I think R. Meir's comment can be read similarly to R. Akiva's and Ben Zoma's. It's not a material measurement of wealth, but refers to one who is happy or comfortable -- without reference to a quantitative metric.

R. Tarfon's is understandable in light of his immense wealth (he's also the Tanna that said one can only light shabbos candles with olive oil -- the most expensive substance). You should check out Louis Finkelstein's book on R. Akiva, in which he posits a Marxist historical view of the Tannaim, essentially arguing that the Sanhedrin was always divided in a barely civil class war.

Drew_Kaplan said...

Thank you for the Finkelstein reference.
It's true that Rabbi Meir's statement can be read that way, though it could also be read saying one has amassed enough wealth where one is not always needing to work so much.

David said...

It's interesting to distinguish between objective (R. Meir, Ben Zoma) and relative (R. Tarfon, R. Yose, R. Akiva) descriptions of wealth. Having 100 vineyeards, fields, & servants is only wealth in a certain context. "Pleasant in actions" clearly depends on social norms. What is considered pleasant in one culture may be considered unrefined in another. While having a bathroom near your dining room is certainly convenient, I think indoor plumbing has rendered it no longer a sign of wealth.

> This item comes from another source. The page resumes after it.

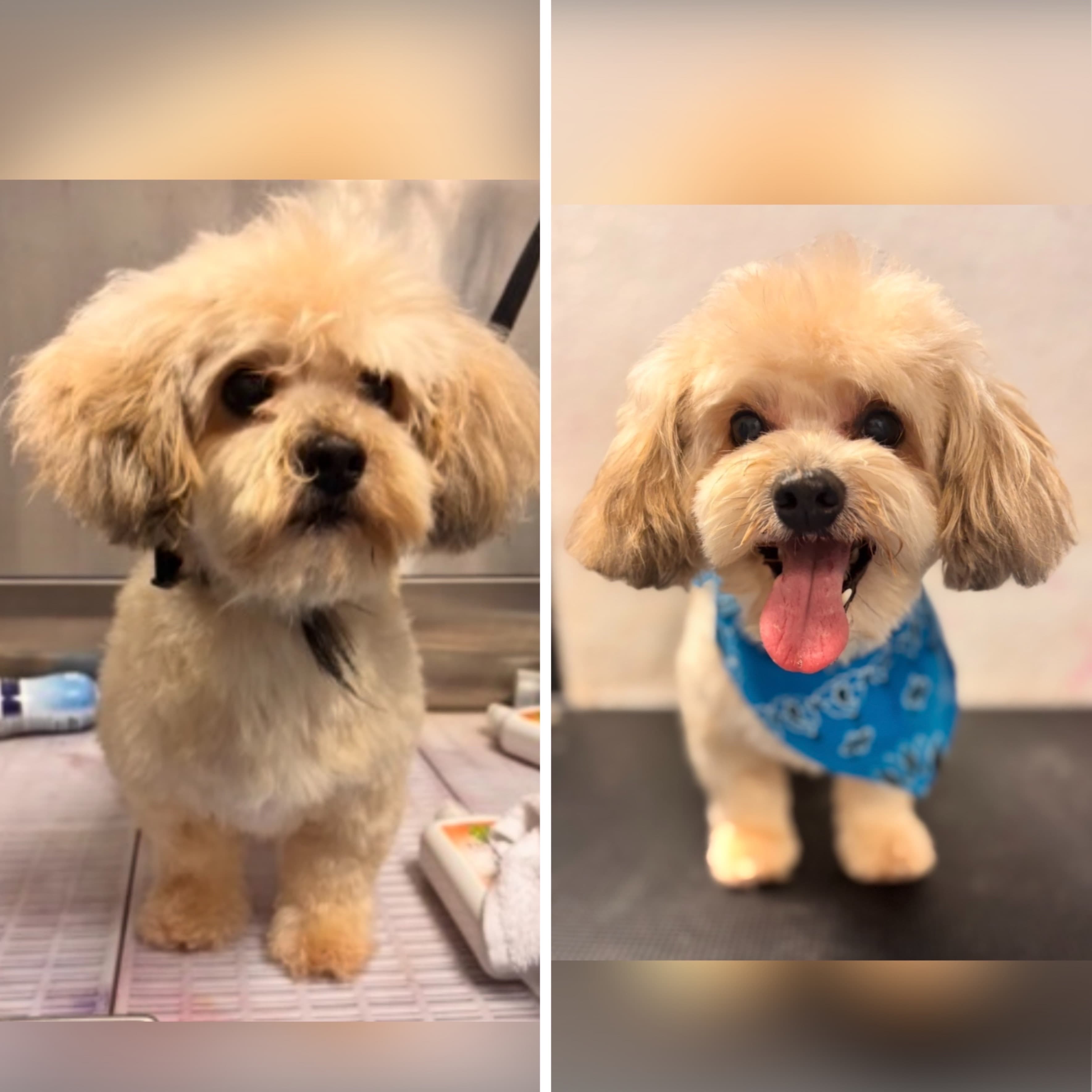 Maltipoo groomed at Kay's Groom Room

However, being satisfied with your personal wealth and taking comfort in it transcends differences among culture, economy, and technology. Perhaps that's why Ben Zoma is quoted so often.

socialworker/frustrated mom said...

Thanks nice thought.

Tim Lieder said...

I'm assuming that R. Yose means indoor plumbing, because it's strange to think that getting a bad seat in a restaurant is a sign of wealth.